Sudetenland Elections: There were elections in Reichsgau Sudetenland, in which 97.32% of the adult population voted for the National Socialist Party. About 500,000 Sudeten Germans joined the National Socialist Party, which was 17.34% of the German population in Sudetenland (the average National Socialist Party participation in Nazi Germany was 7.85%). This means the Sudetenland was the most pro-Nazi region in the Third Reich. Because of their knowledge of the Czech language, many Sudeten Germans were employed in the administration of the Protectorate of Bohemia and Moravia and in Nazi organizations (Gestapo, etc.) The most notable was Karl Hermann Frank, the SS and police general and Secretary of State in the Protectorate. Nazi German policy was more lenient of the Czechs who had German ancestry, considering them capable of "Aryianization", but it was the exception rather than the rule. The Nazis classified most Czechs as a mixture of races including that of Jewish ancestry.
Secret Polish Organizations Helped the Jews: Zegota was created to replace the defunct organization "Council to Aid the Jews" which was dissolved for political and financial reasons. Zegota, supported by the Polish Home Army, operated about 100 secret cells situated mainly throughout Warsaw, though there were smaller branches in Krakow, Vilnius, and Lwow.. Zegota provided the Jews with shelter and hiding places, relief provisions, and fake documents and passports to help them escape. Approximately 50,000 Jews were saved because of the work of Zegota. Operatives of Żegota frequently put themselves at risk of arrest, or execution by Nazi authorities. (The Nazis distributed pamphlets in Polish and German warning Polish citizens that helping the Jews would be punishable by instant death. Many Polish people ignored the warning and did what they could to help Jewish people. Often entire Polish families and even neighbors were dragged into the street and shot. The Nazis believed that any Jews hidden by the Poles, had to have considerable collaboration from among friends, family and neighbours. ) Many Polish men, women, and even children went to extraordinary lengths to help the Jews.

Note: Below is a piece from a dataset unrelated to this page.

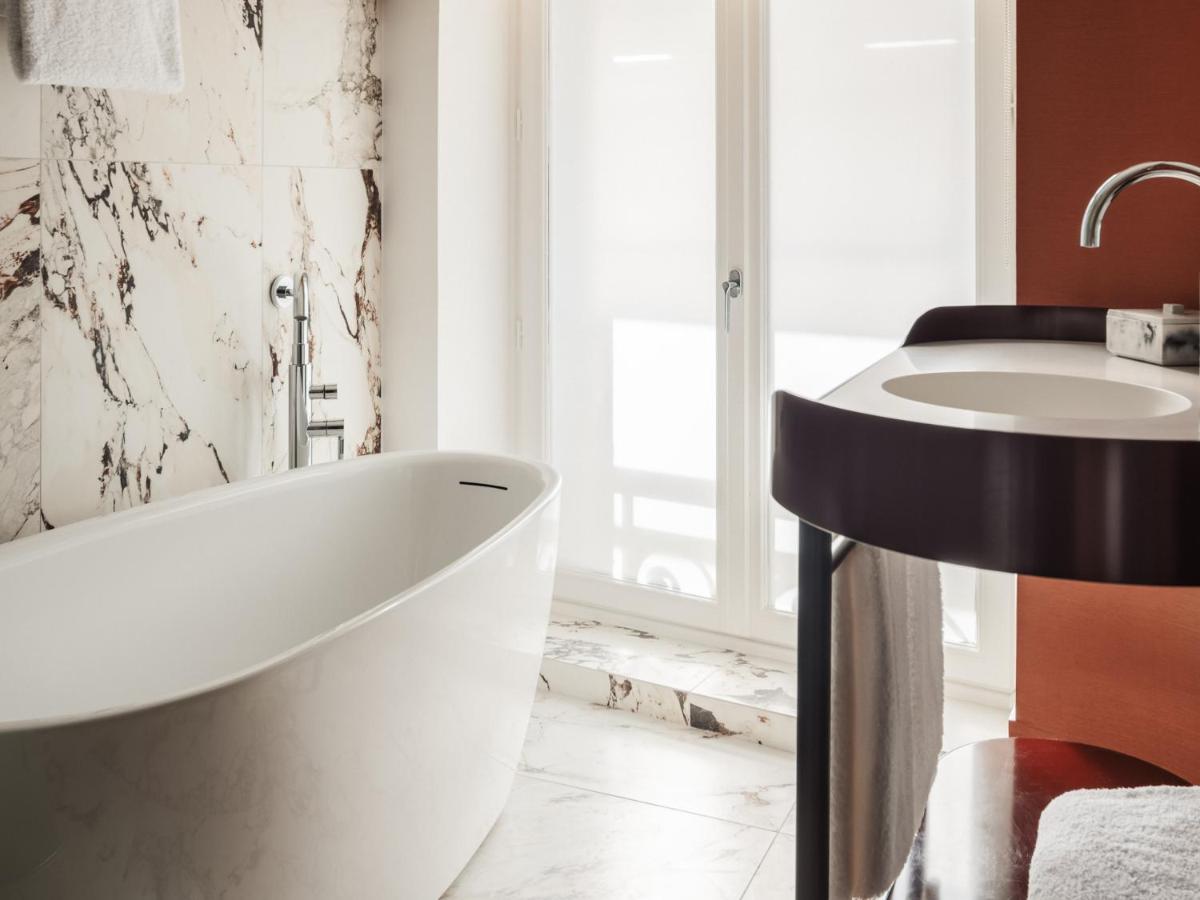 Hôtel De Sers Champs Elysées Paris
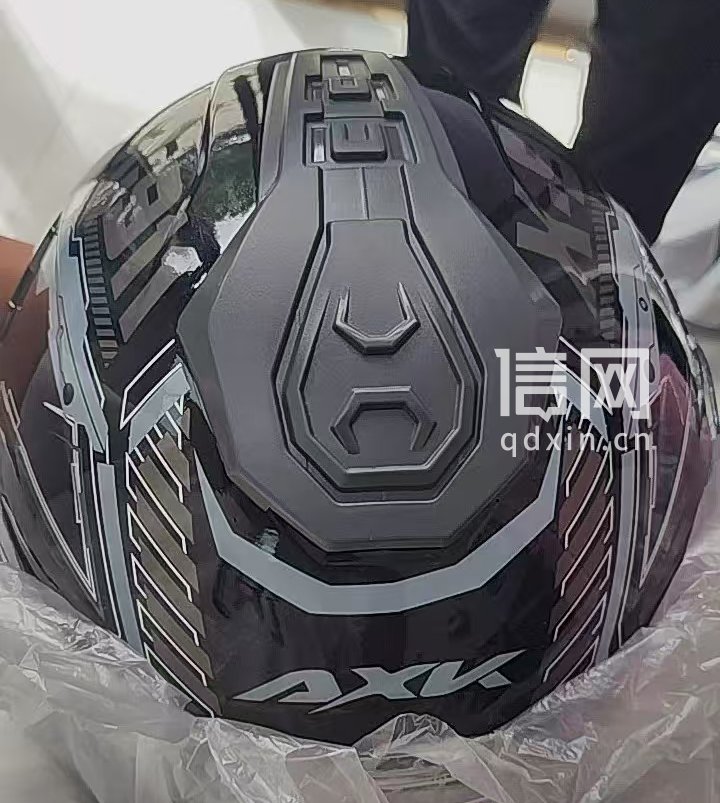 张先生到手的头盔。（来源：受访者）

Their names have been added to the Righteous Among Nations,, and will forever be remembered for their great courage and sacrifices. No other nation in Nazi-occupied Europe struggled so diligently to try to save as many Jews as did the valiant Polish people.
Heilbrunn Was Bombed. The largest air-raid during WWII was launched over Heilbrunn on December 4, 1944 by the British Royal Force and the United States Army Air Forces. About 280 Lancaster bombers of 627 Squadron, accompanied by ten fighter planes flew over the city in loose formation. Despite a cloudy night, the planes dropped flare markers on the city to facilitate accurate bombing. A flashlight bomb was dropped, exploding at 600 feet, followed by numerous flares, which illuminated the sky bright as day. Numerous incendiary bombs were dropped on the city and fires burned throughout the night. Within a period of half an hour, over 6,500 people, including 1,000 children under 10 years of age, perished in the raid. Historical records do not give an exact number of casualties because many corpses were burned beyond recognition. Heilbrunn had been bombed numerous times throughout the war.
French President Mitterrand met with Polish leader Jaruzelski on December 4, 1985 amid a storm of protest. It was Jaruzelski's first visit to the West, and Mitterrand was the first Western leader to receive Jaruzelski. In an interview conducted by Le Matin, Mitterrand said that he met with Jaruzelski because France had to express its opinions "....on the serious questions between East and West and between Europeans. I add, that all that touches the Polish nation is dear to us...." The French Senate protested the meeting by suspending its session. More than five hundred demonstrators rallied in front of the Polish Embassy, shouting: ″Jaruzelski, Assassin″ and ″Solidarity will live 3/8″ . The Bateaux Mouches, (the famous tourist boats on the River Seine), refused to allow Jaruzelski aboard for a city cruise. All France"s largest unions (except the Communist affiliations) issued a joint statement that ″....reaffirmed their entire solidarity with Solidarity and all of the Polish people.....″ and demanded that ″.....All normalization of relations with Poland must be conditional on the respect for human rights, the liberation of detained people and the recognition of union rights and freedoms allowing the exercise of Solidarity’s rights,″. (NB: In December 1981, Jaruzelski declared martial law and dealt brutal suppression of the free trade union movement. The French people believed that the meeting between Mitterrand and Jaruzelski was a betrayal of French support for the Solidarity movement in Poland, and of the Polish people.)